D’Afrique, de Chine ou de Bretagne, elles m’ont montré l’exemple posant pour la photo avec leur pipe à long tuyau. J’en ai choisi une qui ressemble à la leur, en bois noir, à long tuyau chutant élégamment vers un petit foyer. Un tabac  très subtilement parfumé à la myrtille, un bourre-pipe métallique, un sachet de longs cure-pipes et me voilà servie.  Quelques tutoriels plus tard, je crois être à l’aise avec le bourrage en trois temps et l’allumage peu fréquent.

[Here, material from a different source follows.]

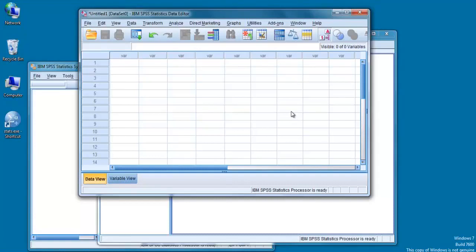When you begin to analyze your data, you will have a number of windows open at the same time. You may find this confusing, but once you get the hang of it, it is really quite simple.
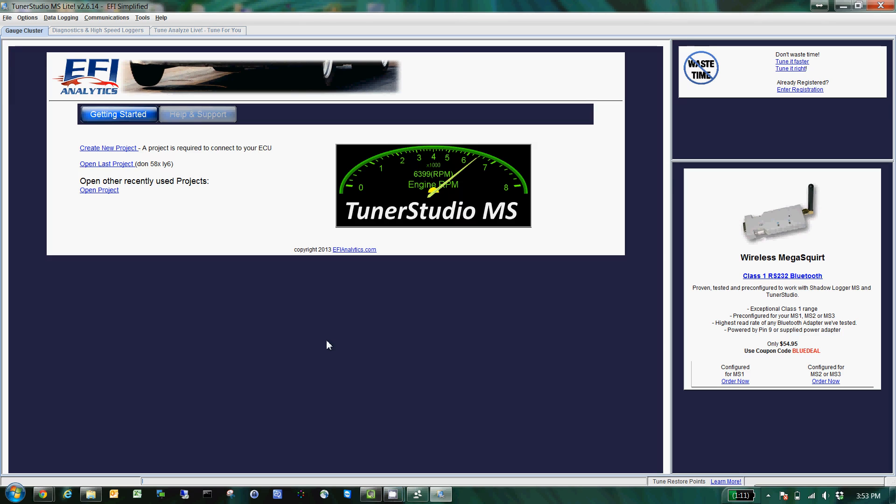Alright, we'll try this again. Say you have a TunerStudio project you want to send to somebody and you're not sure how to do it. You're sending them an MSQ and it's still not working out. Well, the easiest way to solve that is...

Discrètement, seule sur mon balcon, je commence mon apprentissage. C’est plus compliqué que je ne pensais : à peine allumée elle s’éteint. Alors je retourne sur les tutoriels Youtube et je crois voir d’où vient la difficulté. Mon tabac fraichement acheté et placé dans un sachet plastique hermétiquement fermé, est trop humide. J’en étale quelques pincées sur un papier ménage et deux heures plus tard, je réessaie. Ça va beaucoup mieux.  Les premières fois, c’étaient dix allumages successifs pour une pipée de 40 min. environ.  Jour après jour je gagnais sur les allumettes et au bout de deux à trois semaines de pipée journalière, j’ai atteint la vitesse de croisière de deux ou trois allumages maximum. Mais il faut être concentrée, ne pas oublier de tirer … Il n’y a guère que la lecture – et encore – qui puisse accompagner ce moment de grâce où l’on s’envole dans les volutes odorantes.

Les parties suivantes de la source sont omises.